Oddly, Chase does not offer personal loans to its customers -- even though it is one of the nation's largest banks.

Chase does offer a wide variety of other types of loans.

Find out which types of loans Chase does offer, as well as where you can look to find a personal loan.

Types of Loans Offered by Chase

As one of the biggest national bank chains, Chase handles many customer needs, including loans. Chase offers:

  • Mortgages
  • Home Equity Lines of Credit (HELOCs)
  • Car loans
  • Credit cards
  • Commercial lines of credit
  • Business equipment financing


Mortgages are loans that borrowers can use to purchase a home. Often, a mortgage is the largest loan that someone will ever take on.
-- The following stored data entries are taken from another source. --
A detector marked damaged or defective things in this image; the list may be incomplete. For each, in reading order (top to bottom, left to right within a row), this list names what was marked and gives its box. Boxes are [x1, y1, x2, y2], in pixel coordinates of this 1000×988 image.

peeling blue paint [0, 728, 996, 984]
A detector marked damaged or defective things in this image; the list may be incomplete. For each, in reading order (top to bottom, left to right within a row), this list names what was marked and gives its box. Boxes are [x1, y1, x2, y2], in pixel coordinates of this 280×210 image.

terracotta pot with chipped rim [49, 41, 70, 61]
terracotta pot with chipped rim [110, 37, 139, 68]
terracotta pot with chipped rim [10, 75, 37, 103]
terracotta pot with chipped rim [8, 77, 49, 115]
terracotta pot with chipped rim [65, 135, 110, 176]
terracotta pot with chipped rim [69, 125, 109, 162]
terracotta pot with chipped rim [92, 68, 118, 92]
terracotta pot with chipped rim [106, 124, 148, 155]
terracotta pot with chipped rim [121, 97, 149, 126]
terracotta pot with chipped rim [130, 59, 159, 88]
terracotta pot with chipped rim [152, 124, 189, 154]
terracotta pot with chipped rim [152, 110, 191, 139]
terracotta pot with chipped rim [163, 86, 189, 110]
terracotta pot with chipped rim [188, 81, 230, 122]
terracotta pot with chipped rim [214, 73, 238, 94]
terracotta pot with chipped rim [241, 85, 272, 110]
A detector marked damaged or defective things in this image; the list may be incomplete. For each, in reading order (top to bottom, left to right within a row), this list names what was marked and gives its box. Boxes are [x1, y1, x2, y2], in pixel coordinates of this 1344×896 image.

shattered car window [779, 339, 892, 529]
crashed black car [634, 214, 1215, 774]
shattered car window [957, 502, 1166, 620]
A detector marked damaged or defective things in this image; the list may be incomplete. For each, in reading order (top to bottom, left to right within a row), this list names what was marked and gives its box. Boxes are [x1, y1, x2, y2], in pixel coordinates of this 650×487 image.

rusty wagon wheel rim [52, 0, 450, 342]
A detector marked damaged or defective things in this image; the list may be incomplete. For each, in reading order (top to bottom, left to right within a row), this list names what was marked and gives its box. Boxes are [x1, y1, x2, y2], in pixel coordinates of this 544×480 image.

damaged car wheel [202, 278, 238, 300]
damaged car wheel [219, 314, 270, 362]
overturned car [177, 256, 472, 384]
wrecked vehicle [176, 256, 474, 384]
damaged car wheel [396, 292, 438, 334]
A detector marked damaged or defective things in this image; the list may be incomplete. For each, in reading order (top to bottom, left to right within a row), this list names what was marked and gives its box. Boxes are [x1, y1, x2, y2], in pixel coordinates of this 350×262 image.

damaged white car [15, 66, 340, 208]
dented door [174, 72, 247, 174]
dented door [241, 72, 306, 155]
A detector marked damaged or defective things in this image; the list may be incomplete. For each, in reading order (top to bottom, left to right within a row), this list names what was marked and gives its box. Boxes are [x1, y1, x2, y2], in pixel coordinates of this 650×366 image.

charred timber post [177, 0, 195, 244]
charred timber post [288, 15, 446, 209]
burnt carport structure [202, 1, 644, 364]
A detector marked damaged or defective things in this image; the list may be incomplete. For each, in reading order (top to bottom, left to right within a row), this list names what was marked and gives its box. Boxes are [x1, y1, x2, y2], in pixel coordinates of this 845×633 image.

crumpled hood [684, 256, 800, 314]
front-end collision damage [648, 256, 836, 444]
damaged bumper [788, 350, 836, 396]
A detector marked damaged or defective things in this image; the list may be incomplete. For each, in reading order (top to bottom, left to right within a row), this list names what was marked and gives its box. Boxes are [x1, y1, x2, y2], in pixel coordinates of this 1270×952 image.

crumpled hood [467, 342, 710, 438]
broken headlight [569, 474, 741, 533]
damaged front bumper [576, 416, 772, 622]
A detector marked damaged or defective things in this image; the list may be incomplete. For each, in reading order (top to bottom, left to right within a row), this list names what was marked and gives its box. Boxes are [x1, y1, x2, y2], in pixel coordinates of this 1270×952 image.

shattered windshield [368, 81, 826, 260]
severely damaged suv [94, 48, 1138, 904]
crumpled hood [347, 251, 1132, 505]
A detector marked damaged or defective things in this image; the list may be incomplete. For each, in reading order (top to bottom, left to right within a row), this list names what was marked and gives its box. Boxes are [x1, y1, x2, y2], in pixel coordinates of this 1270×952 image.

Depending on the cost of the house, mortgage loans can be made for hundreds of thousands or millions of dollars.

Chase offers two main types of mortgage available, fixed-rate mortgages, or adjustable rate mortgages (ARMs).

With a fixed rate mortgage, you have a set interest rate that you will pay over the course of the loan.

Most fixed-rate mortgages have either 15- or 30-year payback periods. Once you take the mortgage, your rate is set and will never change, unless you choose to refinance the loan.

With an adjustable rate mortgage, your interest rate is set for a certain period, but then can be adjusted each year.

ARMs are usually quoted as being a 5/1 ARM or a 3/1 ARM. The first number is how many years the initial rate is locked in for. The second number is how many years must pass between each rate change.

Home Equity Lines of Credit (HELOCs)

Home equity lines of Credit let you turn some of the home equity you’ve built up into a source of cash.

A HELOC functions much like a credit card, but instead of swiping a card at the grocery store, you withdraw cash from your this credit line.

Each month, you’ll incur an interest charge on whatever your balance. The good news is that interest rates on HELOCs are much lower than credit card rates, because your house serves as collateral for the loan.

You can use a HELOC to fund home improvements, consolidate other debts, or cover unexpected expenses.

Auto Loans

You can take out a car loan for the purchase of either a new or used car. Chase offers four-, five-, and six-year loans. The interest you’ll pay varies depending on the type of car, the amount of the loan, your credit, and the cost. Generally, loans for new cars have lower rates than loans for used vehicles.

Credit Cards

Credit cards are one of the most common types of loan available. When you go to make a purchase at the store, you can swipe your card instead of paying with cash. Each month, you can pay the balance in full, or make a lesser payment.

If you don’t pay the balance of a credit card in full each month, you’ll start to accrue interest. Interest on credit cards can be exceptionally high, exceeding 20%, so paying them off quickly is the best choice.

Many credit cards offer cash back or travel rewards, so using them instead of cash can be a good way to save money.

Commercial Lines of Credit

For business owners, a commercial line of credit provides short-term access to cash. If you need some extra funds to purchase supplies or to cover expenses while waiting for your customers to pay you, a commercial line of credit can help.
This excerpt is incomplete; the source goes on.